The retention pond provides a cheaper means to treat the water before it transfers to the sewers, as mandated by the Clean Water Act of 1972.
“While the water is being held the cattails are treating it,” DePew said. “The cattails are pulling out any bad stuff that comes off of the walkways, sidewalks and streets that settle down into the pond.”
Cattails are wetland plants, usually 3-to-10 feet tall with spongy, strap-like leaves, a stalky stem and clusters of minute brown flowers. DePew said for his Webster Works Worldwide community service project this year, he and a few of his students planted $3000 worth of plants to surround the retention pond. The money was granted to the science department from the Missouri Department of Conservation.
However, plants are not the only species that can be found at the retention pond. There are five species of frogs, seven species of birds and about 17 types of dragonflies that have been discovered among the 2 1/2 acres of the natural area.
Many of these species have been discovered by students who conduct research and experiments for class or on their own. Senior biology major Colleen Walsh is using her research at the retention pond for her senior thesis. She is trying to map out the genus and species of anaerobic bacteria, or bacteria that do not live in the presence of oxygen, which she has discovered in the pond.
Walsh transferred to Webster in fall of 2012 from St. Louis Community College in Wildwood, and she said there were not many hands-on opportunities for research this close to campus. She said she appreciates the location and the experimental education the retention pond provides Webster students.
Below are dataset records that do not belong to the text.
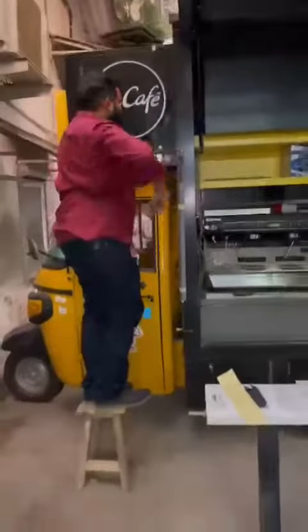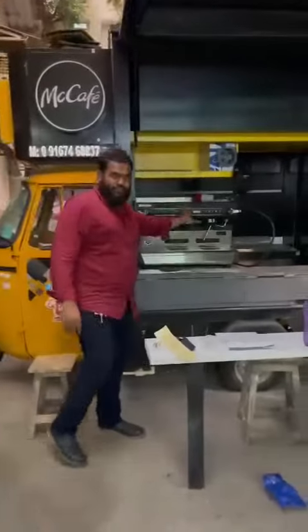Basically, this is the coffee machine. This is one compartment, and this is the seating. Here will be the refrigerator and all small items.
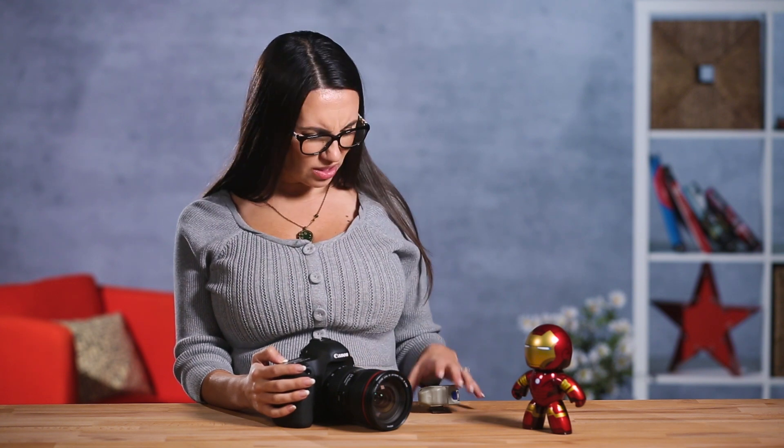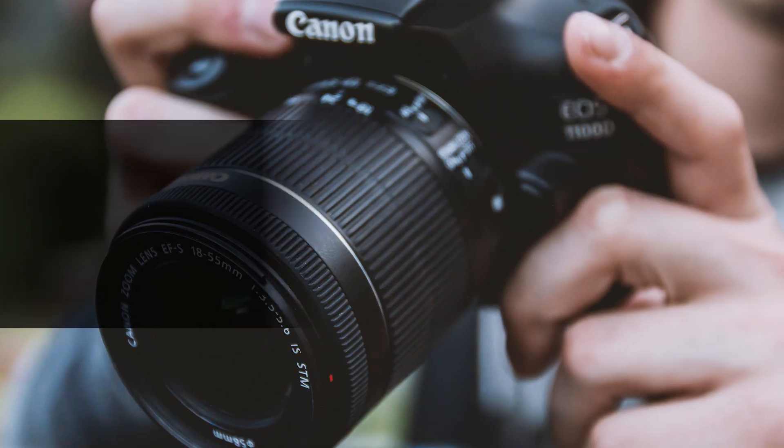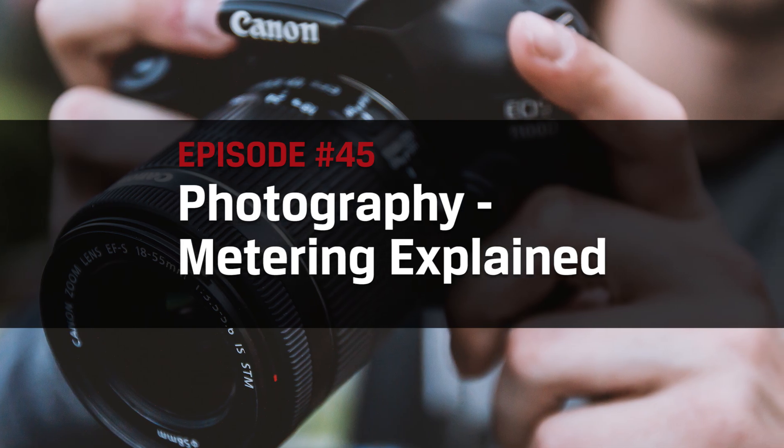Metering mode? Am I supposed to measure something before I take this shot? Hello DIY techies! I'm Trisha Hershberger and in this episode of DIY in 5, we'll explain the basics of metering and metering modes and how you can use it for your photography.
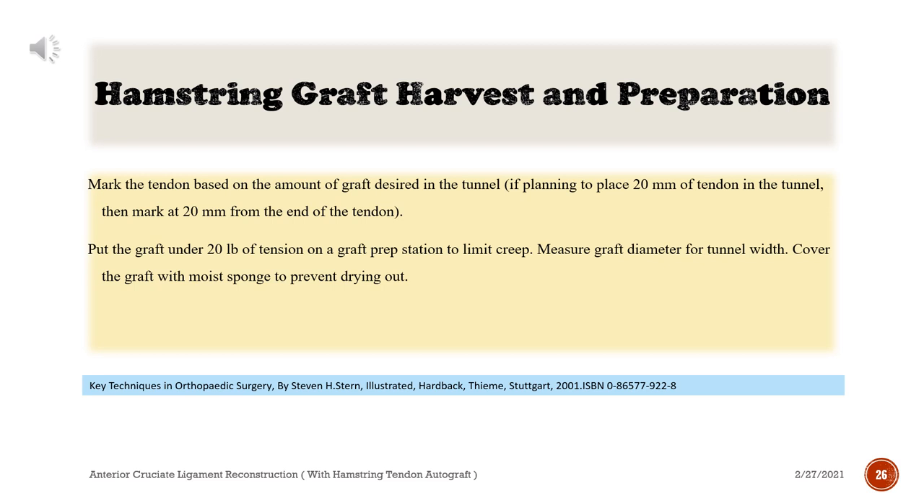Mark the tendon based on the amount of graft desired in the tunnel — if planning to place 20 mm of tendon in the tunnel, then mark at 20 mm from the end of the tendon. Put the graft under 20 pounds of tension on a graft prep station to limit creep. Measure graft diameter for tunnel width. Cover the graft with a moist sponge to prevent drying out.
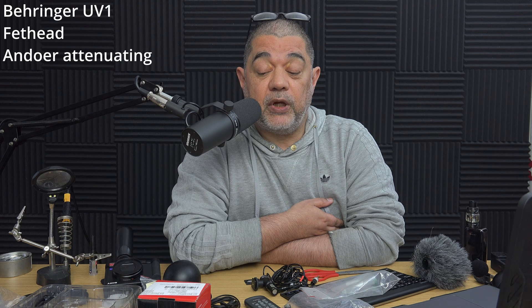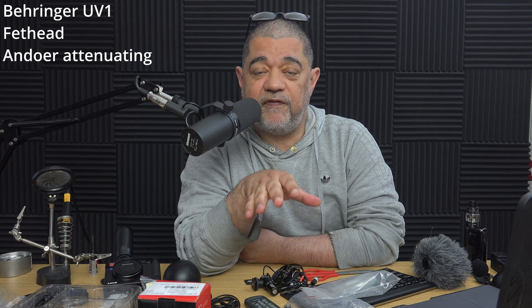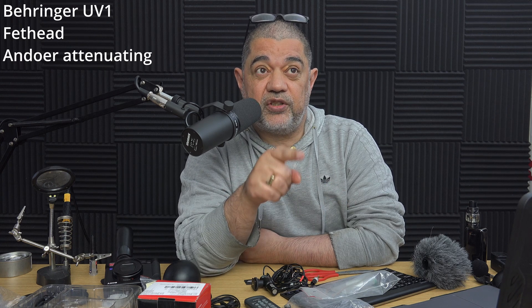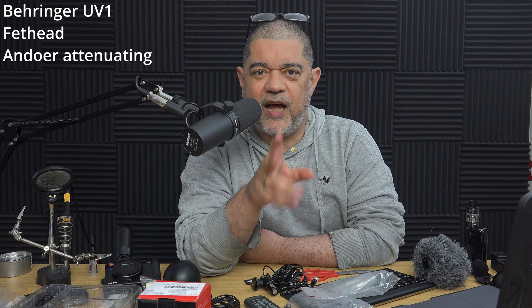This is now the FET Head and the UV1 again, but this time going through the Andoa. What this means is I can now gain up properly at the UV1 end via the FET Head. I've got a very healthy preamp level — it's averaging 0 dB and tickling plus 6, whereas earlier I had it right down at around minus 24. The signal coming out of the back of the UV1 with the FET Head is very healthy, and the Andoa is then attenuating that, just as it did on the previous take. Hopefully this has pushed the hiss down a bit more, although the UV1 with the FET Head was already less noisy than the UV1 on its own going direct into the AX100.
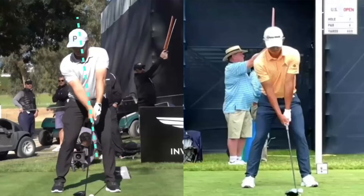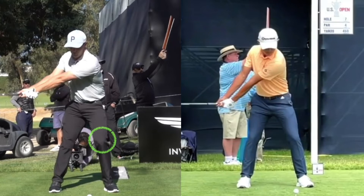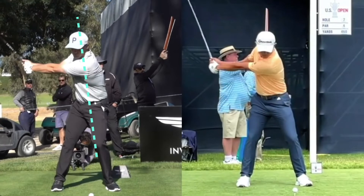There is no difference in the inclination angle of the center line of the body between both professionals. But in Morikawa Pro, the swing axis is away from the central axis of the body, and the body moves slightly to the right rear. Regarding the wrist, there is a difference between no cock and wrist cock.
“It’s been really nice not having to travel and take all of the samples and all of the equipment with me,” Walsh said. “It’s nice to just have it right here and be able to walk to it and use it as needed.”
Mary Preuss, assistant professor and coordinator of the department of biological sciences, also takes advantage of the convenient location of the retention pond. Every two months she tests the bacterial diversity of the pond. She said each experiment produces different results because there have been several changes to the pond and the area around it.
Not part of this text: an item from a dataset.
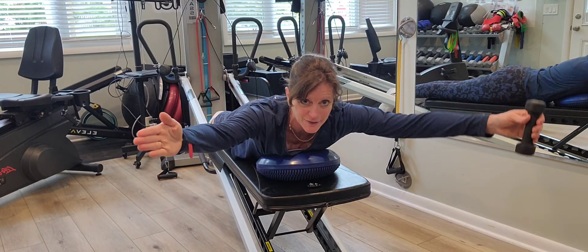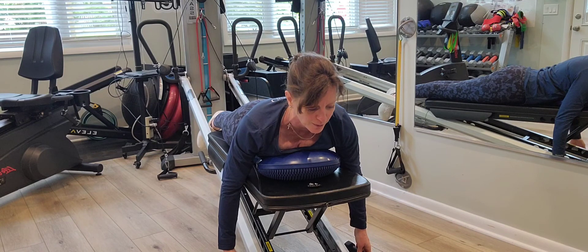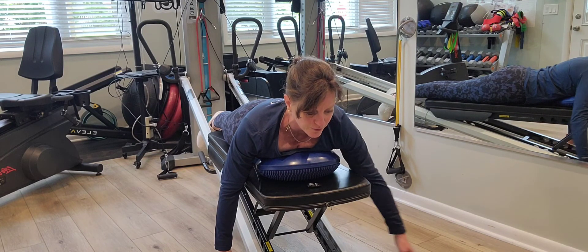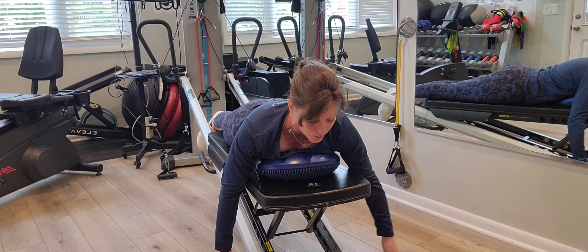If the arms were to lift in a Y, we're going to do this single arm — the affected arm — but checking in with both is always a good idea as well.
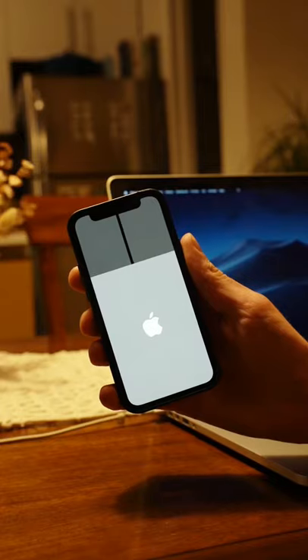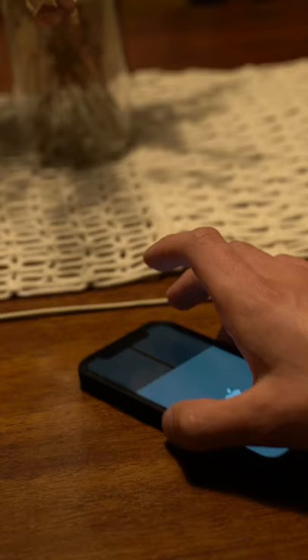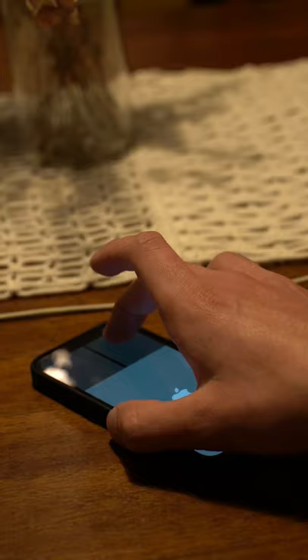Here's something you might not know about the iPhone. You can turn it into a computer mouse and pair it with your Mac. Here's some footage of me testing it out. It even has right-click.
An aerator was installed to create a healthier pond by increasing the oxygen saturation of the water. In addition, Webster students, staff and the sustainability coalition have conducted several cleanup efforts.
“They have put a lot of effort into making it more aesthetic,” Preuss said. “Otherwise it ends up being this sort of-cesspool that’s kind of dark and stinky.”
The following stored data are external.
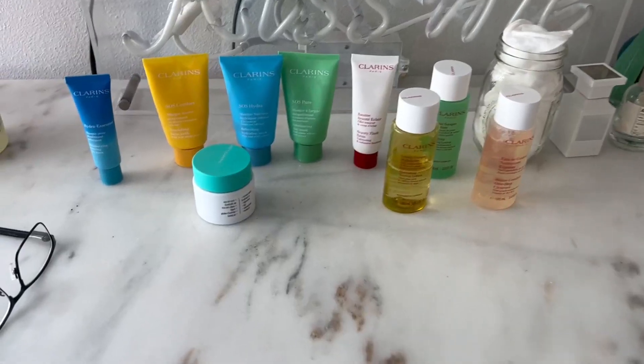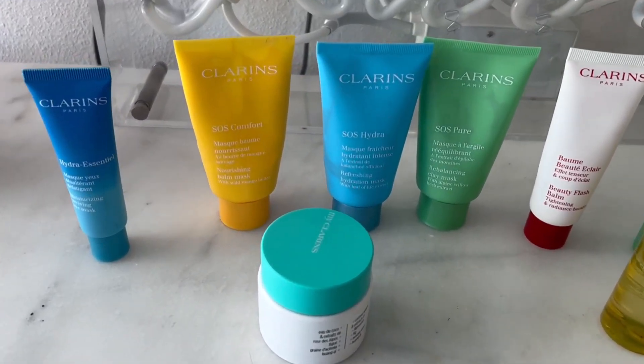This is an excellent mask from Clearance — it's SOS Pure Rebalancing Clay Mask. The color is white, as you can see on my video, and the texture is matte. I've been using this mask for a few months now.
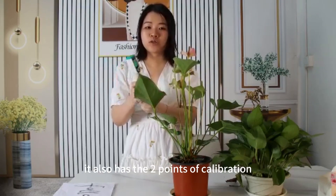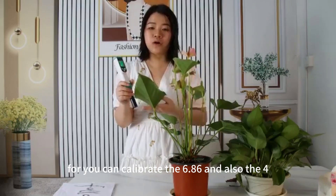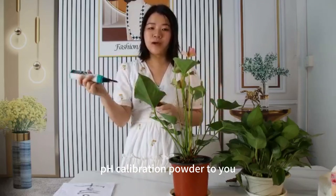It also has two-point calibration. It can calibrate at 6.86 and also at 4. And we have prepared two packs of pH calibration powder for you.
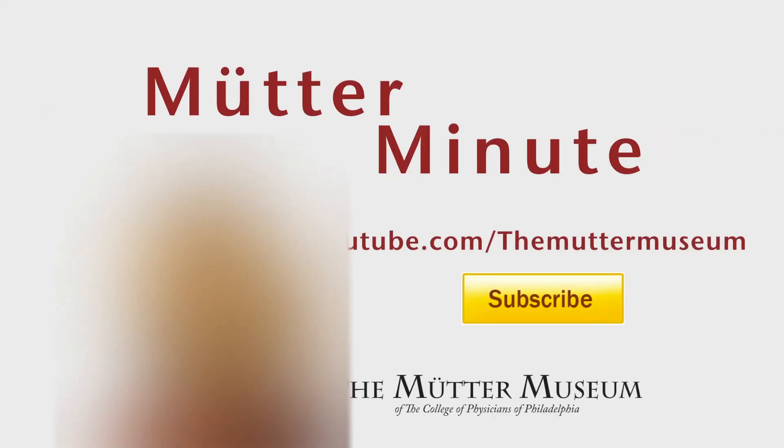For more exciting videos about the Mütter Museum, log on to youtube.com/TheMütterMuseum.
DePew predicts the retention pond, which at its deepest point is 20 feet deep, will turn into a natural area the students and Webster community can enjoy in about three years. DePew said in order for that to happen the science department will have to continue their beautification efforts, but the Webster community will have to back them up as well.
“We’ve got to keep the bunny rabbits and the muskrats out,” Depew said. “We’ve got to keep the well-meaning students who are playing Frisbee from tromping on an area that just got planted. We’ve got to keep people from throwing junk onto the driveways and into the parking lots. So it’ll be up to our community really, but it has the potential to be this fabulous area which will really be a big feather in the cap of Webster University sustainability.”